Under the settlement, filed in the US District Court in the Northern District of California, Uber will pay at least $84 million to the roughly 385,000 drivers represented in the cases. The company also agreed to several concessions to appease driver concerns as well as aiding in creating new “drivers associations” in both states.
The settlement is a significant victory for Uber on the matter of its drivers’ status. By keeping them as contractors, the San Francisco-based company can keep its costs low. And while the settlement applies only to two states and is nonbinding elsewhere, the agreement and the changes that Uber is adopting may influence regulators in other places where the issue has surfaced.
“Drivers value their independence — the freedom to push a button rather than punch a clock, to use Uber and Lyft simultaneously, to drive most of the week or for just a few hours,” Travis Kalanick, chief executive of Uber, said in a company blog post announcing the settlement.
“That said, as Uber has grown — over 450,000 drivers use the app each month here in the US — we haven’t always done a good job working with drivers,” he wrote. “It’s time to change.”
Shannon Liss-Riordan, a Massachusetts lawyer for the drivers, hailed the settlement in a brief phone interview Thursday night.
“These changes are going to make a big difference in the lives of Uber drivers,” she said. “I’m most proud of the fact that Uber can no longer deactivate drivers at will; there has to be sufficient cause” to fire them.
She added, “I’m particularly proud of the provision that requires Uber to clarify with their customers that tips are not actually included” in their credit card payment, and that drivers can now place signs in their vehicles indicating that tips are not included or required but would be appreciated.
The agreement, which is subject to approval by Judge Edward M. Chen, who is presiding over the cases, says Uber must pay $84 million to the plaintiffs represented in the case. Uber will dispense an additional $16 million if the company holds an initial public offering and the average valuation of Uber increases to 1½ times that of its last financing round. In December 2015, Uber was valued at $62.5 billion, making it the most valuable private technology company in the world.
The class-action suits were originally filed in 2013 and became the biggest suits in terms of the number of drivers represented. Uber still faces litigation about driver status in other states, including lawsuits in Florida, Arizona, and Pennsylvania. In June, the California Labor Commissioner’s Office said Barbara Ann Berwick, a former driver for Uber, should have been classified as an employee, not an independent contractor. That case, which does not apply to drivers other than Berwick, is being appealed by Uber.
Uber says that as independent contractors, its drivers get flexibility. Their freelancer status also lets the company sidestep the costs of full-time employees, including paying minimum wage and the employers’ share of Social Security. But labor groups and lawyers have argued that Uber drivers should be classified as employees to receive worker protections.
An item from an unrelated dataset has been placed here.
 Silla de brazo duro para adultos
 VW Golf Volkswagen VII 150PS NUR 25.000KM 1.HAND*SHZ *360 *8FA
The settlement’s changes are aimed at reducing points of contention for drivers. In the past, Uber has been able to boot drivers from its platform with little explanation, something that Uber said it would no longer be able to do. The company published a lengthy document detailing all the reasons a driver may be deactivated, from unsafe driving and carrying a firearm — which is prohibited — to using drugs and alcohol.
Uber said it would also provide drivers with more information about their ratings system — a measurement based upon individual scores from passengers — and how ratings were calculated. The company is exploring creating an appeals process for Uber drivers who have been deactivated because of a low rating.
Uber also agreed not to deactivate drivers who regularly decline to accept requests for rides from passengers, a practice that previously would contribute negatively to a driver’s overall standing with the company. Instead, drivers may be temporarily logged out of the app and unable to accept new requests if they are “consistently not accepting trip requests.”
“Not accepting dispatches causes delays and degrades the reliability of the system,” the company said in its newly published driver deactivation policy.
Uber refers to a trip declined by a driver as a cancellation. Each city will have a maximum cancellation rate based on the average cancellation rate of the drivers in the area, the company said.
It could eventually deactivate those who persistently exceed the rate.
Travis Andersen of the Globe staff contributed to this report.